1. Your Resume's Opening

Studies have shown that most recruiters spend between 6 and 10 seconds scanning your resume before deciding if it is worth more than a passing glance. Layout and formatting are important here, to make sure that a recruiter's first impression of you is a good one. Your resume should be no more than a page, with plenty of white space between blocks of text; this ensures easy readability. Use bullet points to emphasize important qualifications, and avoid getting too artsy with the font and graphics. Clean, simple lines communicate efficiency and professionalism.

2. Relevant Content

Once a hiring manager gets past the initial look of your resume, he will then look for your relevant qualifications. Make sure that your resume reflects the same skill set and required experiences listed in the job description. Don't just list your skills; elaborate on how your skill set has benefited your past employers.

3. Your Current Role

Recruiters are likely to study your current role and its responsibilities more than any other section of your resume.
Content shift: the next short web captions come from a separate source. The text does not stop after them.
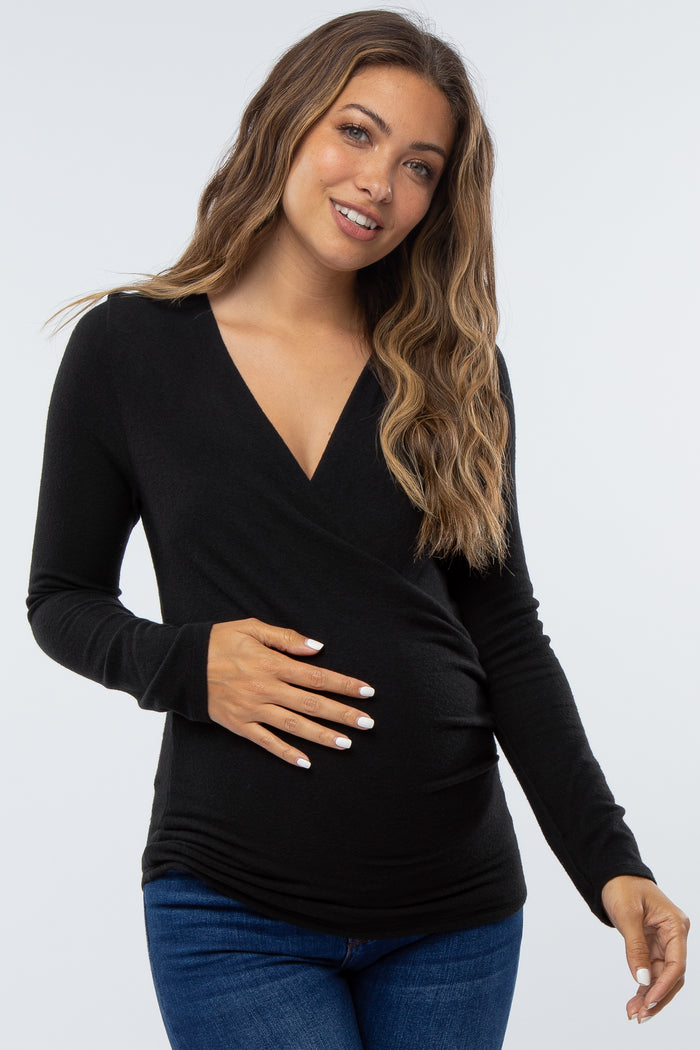woman wearing a black long sleeve maternity top and holding her baby bump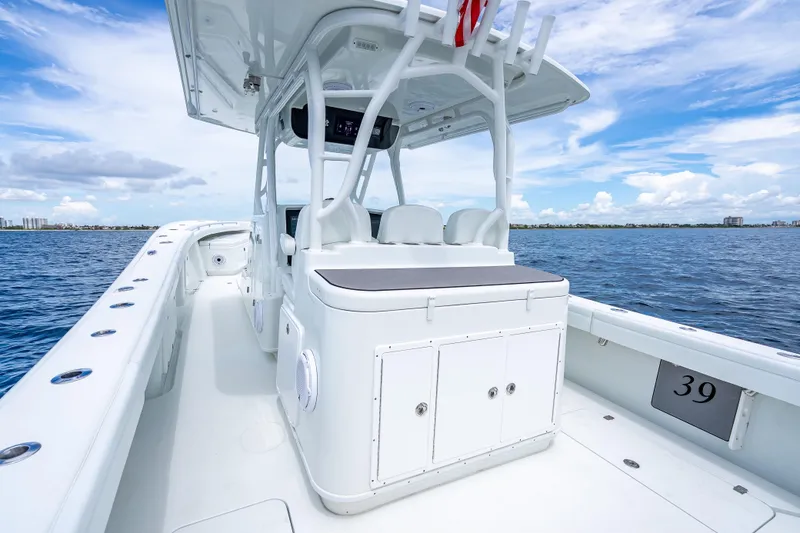 Slide: The Image of 2016 Yellowfin 39 Offshore boat on open water, showcasing sleek design and spacious deck. - 33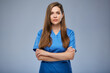 Serious nurse woman in blue medical uniform. Isolated female portrait.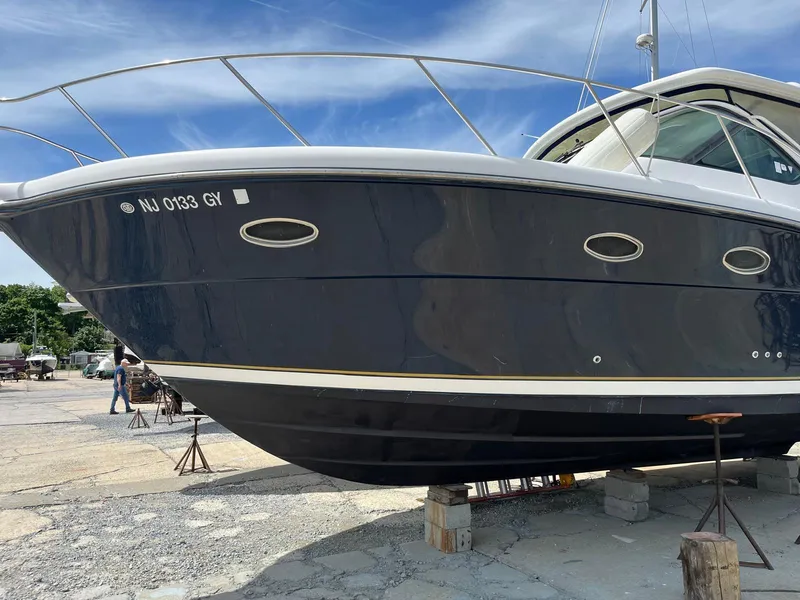 Slide: The Image of 2006 Tiara Yachts 3200 Open on dry dock, blue hull, sunny day. - 3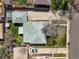Birds eye view of a home and garage featuring a manicured lawn at 2562 S Xavier St, Denver, CO 80219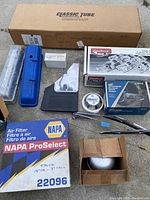 Boxed NAPA ProSelect air filter and other auto parts including valve covers, Edelbrock intake manifold kit, Autocruise cruise control kit, wiper arms.
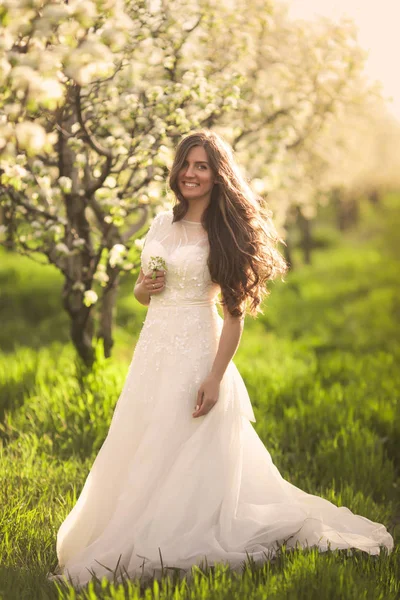 Retrato de mujer hermosa en flores. La novia en vestido de novia de marfil con pelo largo y rizado caminando en jardines con árboles de flores de verano —  Fotos de Stock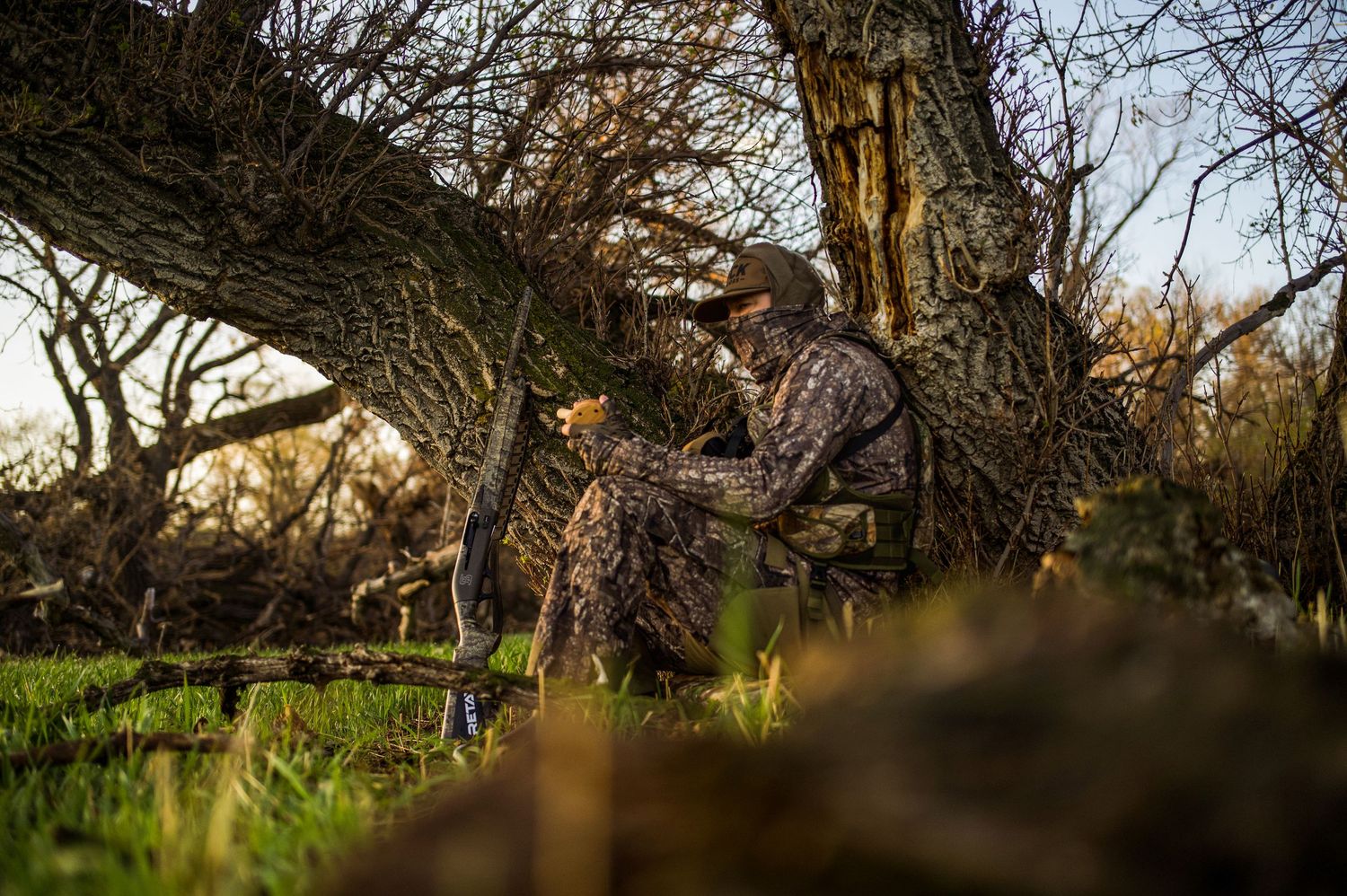 Camouflaged hunter sitting in natural blind waiting for waterfowl.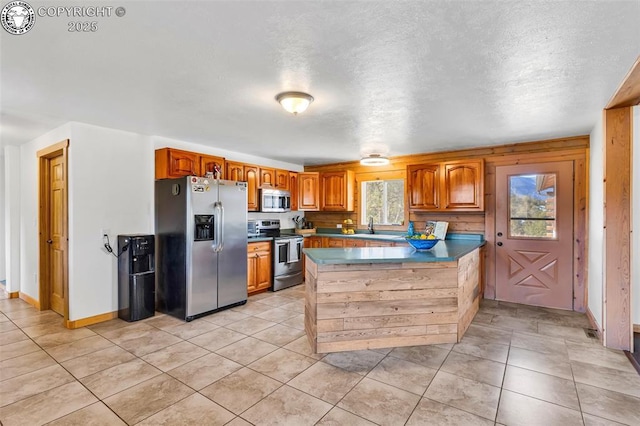 kitchen with stainless steel appliances, sink, light tile patterned floors, and kitchen peninsula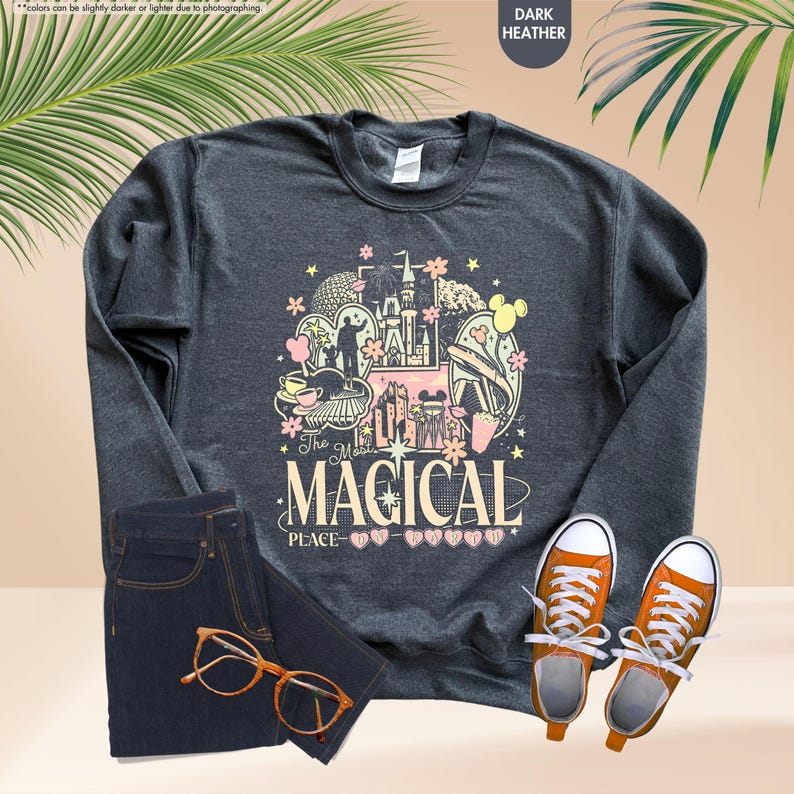 May include: Dark heather gray sweatshirt with a colorful graphic that reads "The Most Magical Place." The design includes a castle, Mickey Mouse ears, and other theme park elements. The image also shows dark wash jeans, orange sneakers, and eyeglasses.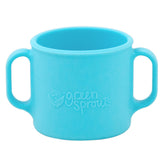 Green Sprouts Learning Cup with easy-grip handles for independent sipping.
This is because they need to fully assess your current skills and abilities as they relate to the open position. Really flesh out this section with powerful action verbs and verifiable achievements. What exactly were you responsible for? Who did you work with? What types of tools and software programs did you use? Really spelling it out for the recruiter helps them to imagine you as the new employee.

4. Quantitative Data

Wherever possible, use numerical facts and figures to demonstrate your achievements and contributions. Numerical data is not only eye-catching to the recruiter, but it is also verifiable, which is far more impressive than vague, generic statements that can't be validated. Instead of stating you "helped cut costs," state that you "Reduced department spending by over 15 percent over a period of 3 months." Then, be prepared to explain exactly how you managed this feat.

5. Red Flags

There are many red flags that can potentially deter a recruiter or hiring manager from wanting to hire you. Spelling and grammar mistakes make you appear careless. Sloppy formatting communicates a lack of professionalism. Gaps in employment introduce uncertainty about your background and intentions.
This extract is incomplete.